According to the article “ Cultivating Curious Minds: Teaching for innovation through Open-Inquiry learning” by Jean Sausele, “Children’s innovative thinking sets sail when the natural inquisitiveness they bring to the learning table is inspired” (2). This quote is the reasoning behind the open-inquiry learning process described in this article. Sausele is a teacher at an elementary school where she uses a process of learning by which her students learn from experimenting on their own. She sets up a basis for the lab lesson by using guiding and intriguing questions to excite her students on the topic she is introducing. She then provides the materials needed for the lab lesson but, the rest is up to the inquiry of the students. Sausele never truly knows where the lesson will end because that is up to her students to decide. The children then take their guided inquisitive energy to learn and explore with science. When challenges arise they are not given answers to questions by their teacher so in turn the students learn to rely on each other for help. Through this process the students learn to collaborate with each other to further process their findings. In this process they use the idea that two minds are greater than one. There collaborative findings are used to learn from each other and transfer their learning to gain more understanding of the content. The transfer of learning is used to gain a deeper understanding of how the information in their findings can be applied in real world situations. This process of connective thinking intrigues the student’s interests and leaves them wanting to learn more because when children are interested they can’t deny the need to learn. (Erin Niles)

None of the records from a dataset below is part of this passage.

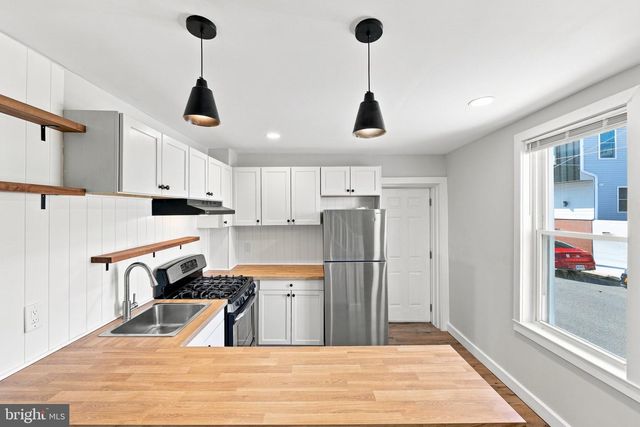 2633 JANNEY ST, Philadelphia, PA 19125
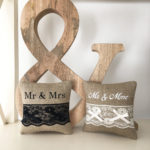 Coussin alliances Mr & Mme - Dentelle écru – Image 3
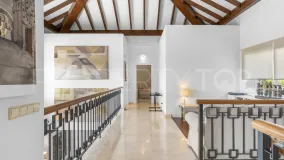 Villa a la venta de 6 dormitorios en Paraiso Alto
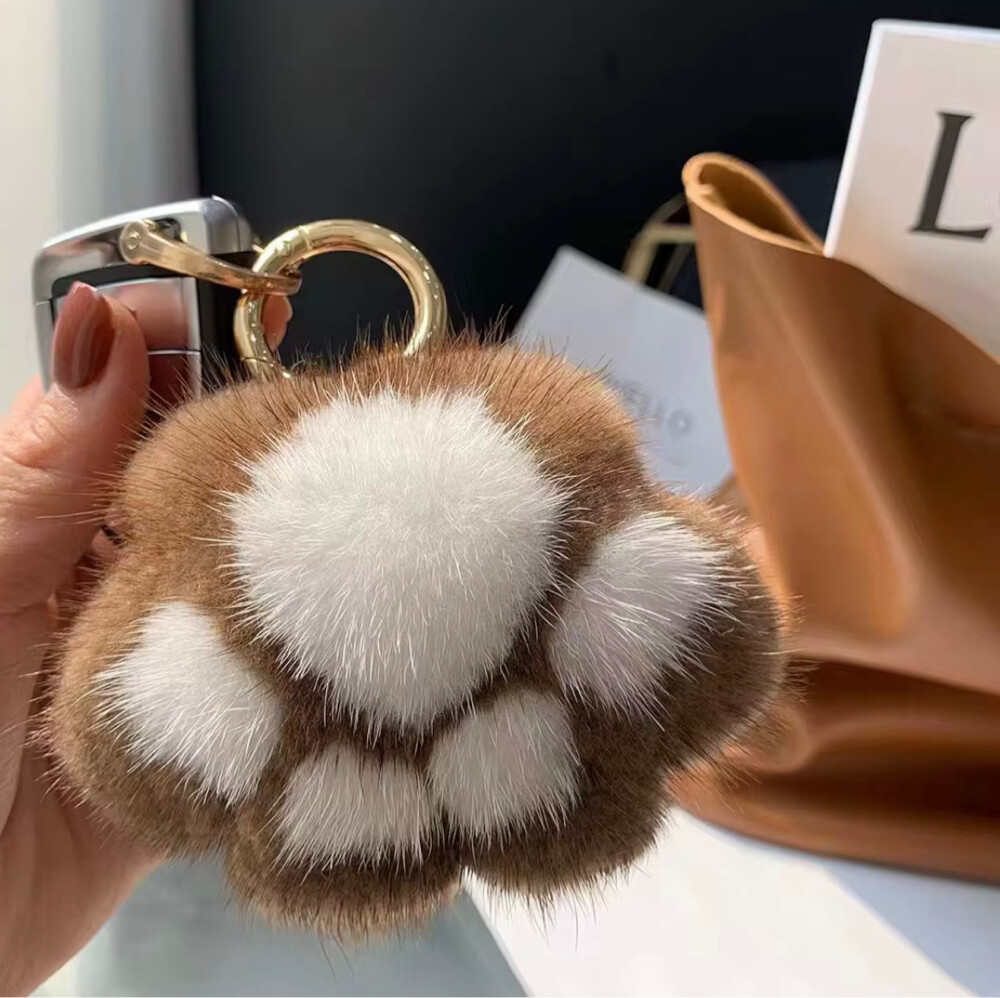 Bear Paw Fur Keychain - 4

Wolf, Maya, and Alix Laferriere. "Crawl into Inquiry-Based Learning." Science Activities 46.3 (2009): 32-38. Academic Search Premier. EBSCO. Web. 14 Sept. 2010.
Maya Wolf and Alix Laferriere give an example on how easy it is to gets students engaged into inquiry-based learning. One of the easiest methods is to use life science, such as a classroom pet, and in this case, a hermit crab. The authors demonstrate through a lesson plan style of writing on how to bring inquiry into this experiment. Students are presented with a KWL (what they Know, what they Want to know, and what they’ve Learned) chart (33) and fill in the sections appropriately. The crabs are, then, brought out and the children will then begin brainstorming a classroom hypothesis based on their observations. Once a hypothesis is reached, in this case, “Do crabs prefer sandy or rocky beaches,” the classroom experiment begins. The students separate into groups and run a series of tests to arrive at a conclusion for their hypothesis. The results are discussed as a class as each group picks a member to report their results. While the conclusion they arrived at was not clear, based on their results being too varied, the objective of the experiment was to get the students engaged into the process of inquiry, asking questions they could test, and to come up with ways through experimentation to answer these questions. Furthermore, the students continued to question further how they could have arrived at a more concrete answer. Suggestions from giving the experiment more time to modifying the parameters under which the experiment was conducted show only the tip of the iceberg of the children’s learning process and how much they are capable of wondering about the world they live in. (Colin Ramsey)